Standard follow-up evaluations protocol of treatment for HCC described previously [13,31] including dynamic contrast-enhanced CT scans and laboratory tests, were performed to evaluate the efficacy at 4-6 weeks after initiation of therapy and every 2 months thereafter. Laboratory tests included hematologic analyses, liver function test, serum AFP assay, and hepatitis serologic test. Complications and adverse events were recorded.

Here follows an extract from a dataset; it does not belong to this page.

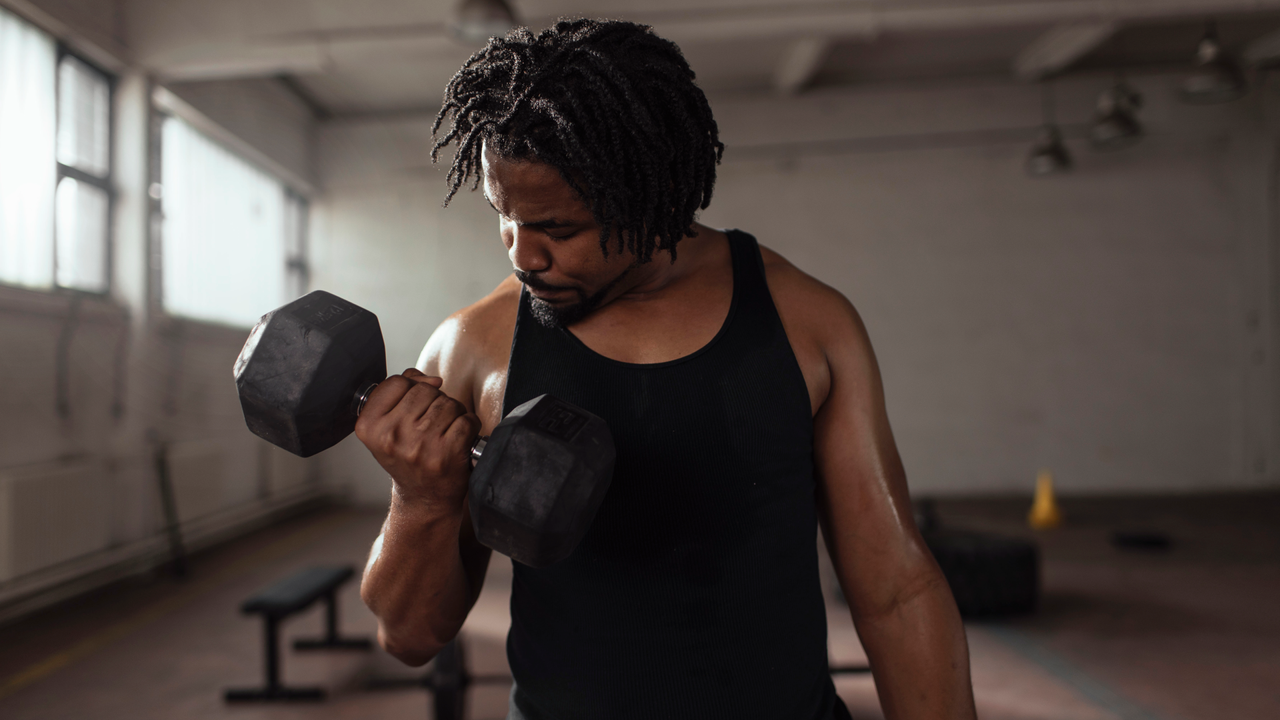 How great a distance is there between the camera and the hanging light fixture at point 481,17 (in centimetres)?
357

Serum AFP levels were measured using a microparticle enzyme immunoassay (Abbott Laboratories, Chicago, IL). AFP response was classified as follows: Complete Response (CR), normalization of AFP; Partial Response (PR), >50% decrease from baseline; Stable Disease (SD), -50% to +30% change from baseline; or Progressive Disease (PD), >30% increase from baseline. Tumor response evaluation criteria were based on radiologic evaluation according to the mRECIST guideline [16] as: CR: disappearance of any intratumoral arterial enhancement in total lesions; PR: =30% decrease in tumor size; SD, neither PR nor PD; or PD: =20% increase in tumor size or the appearance of new lesion(s). The overall response assessment of target and nontarget lesions was determined based on the mRECIST criteria. All measurements were performed by an independent observer (.., who had >15 years of experience) who was blinded to clinical data to minimize the possibility of false categorizations. Whenever response categorization was not obvious, final classification was made by consensus (.. and .., who had >20 years of experience). The interval between AFP measurement and CT scan was up to 2 days.

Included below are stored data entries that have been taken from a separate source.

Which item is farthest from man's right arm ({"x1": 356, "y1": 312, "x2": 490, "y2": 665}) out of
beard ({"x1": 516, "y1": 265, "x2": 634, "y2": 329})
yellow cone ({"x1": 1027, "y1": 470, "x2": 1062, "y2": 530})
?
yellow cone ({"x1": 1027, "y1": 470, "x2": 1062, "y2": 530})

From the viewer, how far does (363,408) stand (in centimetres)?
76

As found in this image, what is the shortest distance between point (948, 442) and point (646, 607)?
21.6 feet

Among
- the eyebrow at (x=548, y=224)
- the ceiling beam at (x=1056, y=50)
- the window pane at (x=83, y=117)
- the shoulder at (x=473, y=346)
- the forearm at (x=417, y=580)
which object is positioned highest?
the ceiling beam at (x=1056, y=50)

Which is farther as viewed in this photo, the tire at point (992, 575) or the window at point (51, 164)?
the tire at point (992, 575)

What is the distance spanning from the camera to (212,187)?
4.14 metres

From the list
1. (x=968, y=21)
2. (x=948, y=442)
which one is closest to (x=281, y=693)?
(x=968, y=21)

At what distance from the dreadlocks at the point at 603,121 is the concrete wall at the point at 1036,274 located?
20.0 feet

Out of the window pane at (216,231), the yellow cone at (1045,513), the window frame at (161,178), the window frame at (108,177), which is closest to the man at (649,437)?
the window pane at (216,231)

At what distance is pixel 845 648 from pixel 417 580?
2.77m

Because the initial response is a robust predictor for favorable outcome, the concept was applied in the present study. The initial response was defined as the first assessment after initial therapy [32- 34]. Objective response was defined as sum of CR and PR, disease control was a sum of CR, PR and SD. whereas PD was defined nonresponse. The primary endpoint was Overall Survival (OS). OS was defined as the time from the date of treatment initiation until the date of death or last follow-up. The correlation of response and OS was analyzed.

Statistical analyses

All statistical analyses were performed using SPSS software (SPSS version 16.0, SPSS, Chicago, IL). For baseline characteristics, continuous variables are described as medians±standard deviations and categorical variables are expressed as frequencies and percentages. Intermethod agreement between the two methods was assessed using Cohen’s kappa (k) coefficient. A k coefficient >0.75 represented excellent intermethod agreement and a k coefficient of ‹0.21 represented poor intermethod agreement [35]. The Kaplan– Meier method and log-rank test were used to calculate and compare survival differences, respectively. Univariate analyses were performed using the log-rank test. Variables with a P value ‹0.1 were entered into a multivariate analysis using the Cox proportional hazards model to identify risk factors associated with OS. All statistical tests were two-sided, and P ‹0.05 was considered statistically significant.


Study population

Among 577 consecutive newly diagnosed patients with unresectable HCC who underwent TACE plus sorafenib as initial treatment, 374 were excluded because they had normal serum AFP (n=139), diffuse HCC (n=8), Child-Pugh class C liver function (n=63) or massive ascites (n=16), esophageal gastric variceal bleeding (n=10), or hepatic encephalopathy (n=6), obstructive jaundice (n=11); or secondary malignancy (n=10). In addition, 112 patients were excluded because their data were not available. The analysis cohort included 203 patients. The baseline characteristics of all patients are detailed shown in Table 1. The mean duration of sorafenib treatment was 12.8 months (range 1-56 months). The mean follow-up duration was 15.7 months (range 3-63 months).